The nature of work has changed dramatically over the centuries. As a people, we moved from hunting and gathering, to subsistence farming, to larger agricultural communities, through industrialization to manufacturing and into the “information economy. Sweeping dramatic changes all, but each stage has demanded more physical work than thought. Even the information economy still encompasses much “grunt work” to keep it operating. In many cases in your career, companies are still only buying your “hands”. Sure, they might also be buying a certain amount of your “head” — your best thoughts and ideas — but the next wave in business, which many people do not understand, is asking people to sell their hearts, as well. This will not, and should not, come cheap.

It is probably obvious what I mean by selling your “hands” to your employer. In the past, this might have meant working in a farm field or on an assembly line, but today it could also apply to webmasters and server administrators whose job it is to keep information resources running. In my work as a computer consultant, most of my time is spent troubleshooting, repairing and recovering. Even though I find training and preventive maintenance to be much more involving and rewarding, in many ways I am the high-tech equivalent of a plumber. My job is to fix ‘what’s broke’ as quickly as possible.

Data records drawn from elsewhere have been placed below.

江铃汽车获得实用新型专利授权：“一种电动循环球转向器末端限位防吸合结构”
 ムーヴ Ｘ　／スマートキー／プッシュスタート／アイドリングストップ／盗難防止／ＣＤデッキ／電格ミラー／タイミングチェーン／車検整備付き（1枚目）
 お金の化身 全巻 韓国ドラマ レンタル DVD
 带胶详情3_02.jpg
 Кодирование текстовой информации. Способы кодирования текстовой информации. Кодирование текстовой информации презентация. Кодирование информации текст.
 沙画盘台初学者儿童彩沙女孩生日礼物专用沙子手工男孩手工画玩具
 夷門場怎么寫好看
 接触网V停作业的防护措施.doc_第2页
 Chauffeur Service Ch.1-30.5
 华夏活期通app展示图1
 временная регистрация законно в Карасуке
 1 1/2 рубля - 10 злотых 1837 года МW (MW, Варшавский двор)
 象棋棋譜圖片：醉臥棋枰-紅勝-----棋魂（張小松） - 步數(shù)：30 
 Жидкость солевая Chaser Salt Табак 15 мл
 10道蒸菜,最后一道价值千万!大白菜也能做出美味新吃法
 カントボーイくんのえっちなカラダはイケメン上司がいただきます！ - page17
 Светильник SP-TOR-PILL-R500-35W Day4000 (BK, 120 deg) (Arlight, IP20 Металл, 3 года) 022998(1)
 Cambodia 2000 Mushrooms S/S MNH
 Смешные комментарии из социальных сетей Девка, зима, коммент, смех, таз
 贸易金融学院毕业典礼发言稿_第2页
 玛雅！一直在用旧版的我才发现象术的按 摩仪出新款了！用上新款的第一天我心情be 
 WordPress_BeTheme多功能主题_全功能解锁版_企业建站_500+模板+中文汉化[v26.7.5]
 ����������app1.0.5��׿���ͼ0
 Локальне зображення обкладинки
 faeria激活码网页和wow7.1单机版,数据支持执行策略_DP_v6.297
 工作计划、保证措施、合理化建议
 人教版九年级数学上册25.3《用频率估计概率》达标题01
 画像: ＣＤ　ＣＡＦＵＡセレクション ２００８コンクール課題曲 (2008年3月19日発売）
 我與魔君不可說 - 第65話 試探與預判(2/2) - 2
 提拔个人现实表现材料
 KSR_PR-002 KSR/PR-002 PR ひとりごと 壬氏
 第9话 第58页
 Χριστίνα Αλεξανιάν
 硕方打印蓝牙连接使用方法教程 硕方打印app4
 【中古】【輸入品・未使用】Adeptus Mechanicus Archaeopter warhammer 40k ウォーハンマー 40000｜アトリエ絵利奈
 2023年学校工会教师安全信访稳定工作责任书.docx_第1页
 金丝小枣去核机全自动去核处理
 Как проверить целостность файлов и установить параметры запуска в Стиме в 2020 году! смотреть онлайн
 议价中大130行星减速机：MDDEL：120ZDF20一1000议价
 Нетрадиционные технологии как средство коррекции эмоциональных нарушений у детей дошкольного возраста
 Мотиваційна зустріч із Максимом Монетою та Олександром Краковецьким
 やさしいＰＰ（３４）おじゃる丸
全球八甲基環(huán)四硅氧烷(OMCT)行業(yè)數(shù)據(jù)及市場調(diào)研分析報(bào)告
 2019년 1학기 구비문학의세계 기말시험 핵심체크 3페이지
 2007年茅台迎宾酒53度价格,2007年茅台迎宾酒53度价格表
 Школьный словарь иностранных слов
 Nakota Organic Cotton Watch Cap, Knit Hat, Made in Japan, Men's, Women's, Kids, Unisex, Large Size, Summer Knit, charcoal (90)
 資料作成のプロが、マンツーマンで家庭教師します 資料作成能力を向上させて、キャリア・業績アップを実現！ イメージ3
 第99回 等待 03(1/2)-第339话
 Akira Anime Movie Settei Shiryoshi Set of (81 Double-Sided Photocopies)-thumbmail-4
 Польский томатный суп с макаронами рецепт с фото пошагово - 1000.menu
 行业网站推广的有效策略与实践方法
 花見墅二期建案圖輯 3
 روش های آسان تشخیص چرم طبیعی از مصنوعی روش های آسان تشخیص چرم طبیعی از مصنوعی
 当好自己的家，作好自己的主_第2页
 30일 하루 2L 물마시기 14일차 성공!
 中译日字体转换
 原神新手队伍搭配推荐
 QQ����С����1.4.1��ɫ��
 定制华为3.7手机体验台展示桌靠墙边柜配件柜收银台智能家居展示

As I am moving my consulting business into New Media work, I find that I am selling more of my “head” than my hands. Instead of doing the actual work of setting up blogs and social media accounts, I spend more time helping individuals and businesses discover what is possible and the best ways to make use of these new tools. I have moved from making the automobile on the assembly line to helping design the car that will be made by others. In some ways, writing this column and podcast has also been more “head” work than “hand.” Each week I try to develop ideas that help you “build the career you deserve.” This shows how different parts of your career can simultaneously be at different steps in this new migration of the concepts of career and work.

Today, though, we are entering entirely new waters in the work world. To be deeply successful, to do the best work possible, we need to find a company, a business or a life where we can “sell” our “heart” — our passion. While it can sound odd to discuss selling our passion, that is truly what we are doing. In the best careers, we find a place where we are willing to provide our passionate skills and thoughts to another in return for monetary rewards. This isn’t selling out. This is finding what I consider to be the epitome, sine quo non, of careers — a career where you make money doing something you love. A career in which you can invest your heart and soul. A career that supports you not only monetarily, but spiritually.

I am sure some of you are shaking your heads, not believing that such a career exists, but you can look around you to see some current practitioners of this idea. Yo Yo Ma and other classical musicians of less reknown make a living doing what they love. Many other artists, too. Many of the great thinkers we read or see speak at conferences all over the world have reached this level, in some ways. It isn’t only famous people, though. The songwriter who sells a top 40 hit remains largely unknown, but supports themselves and their families in fine style. We have many friend who are “working” actors you see on television nearly every day, who love their work and are successful, even if they are not “star” names to you. For me, the very definition of success is having a comfortable life while doing something you love. There are opportunities to be successful no matter your industry or type of work. These opportunities arise from finding a place where you can exercise your passions as much as possible. In some ways, I don’t think you can do your best work unless you are truly passionate about what you are doing.

So what are you selling? Your hands, your head or your heart? If you want to build the career you deserve you need to do some hard thinking about your work and your life. You need to discover your passions so that you can go and find a place — a new company, your own business, a career in the arts, whatever — where you can engage your passions and reach the highest levels of financial and spiritual success possible.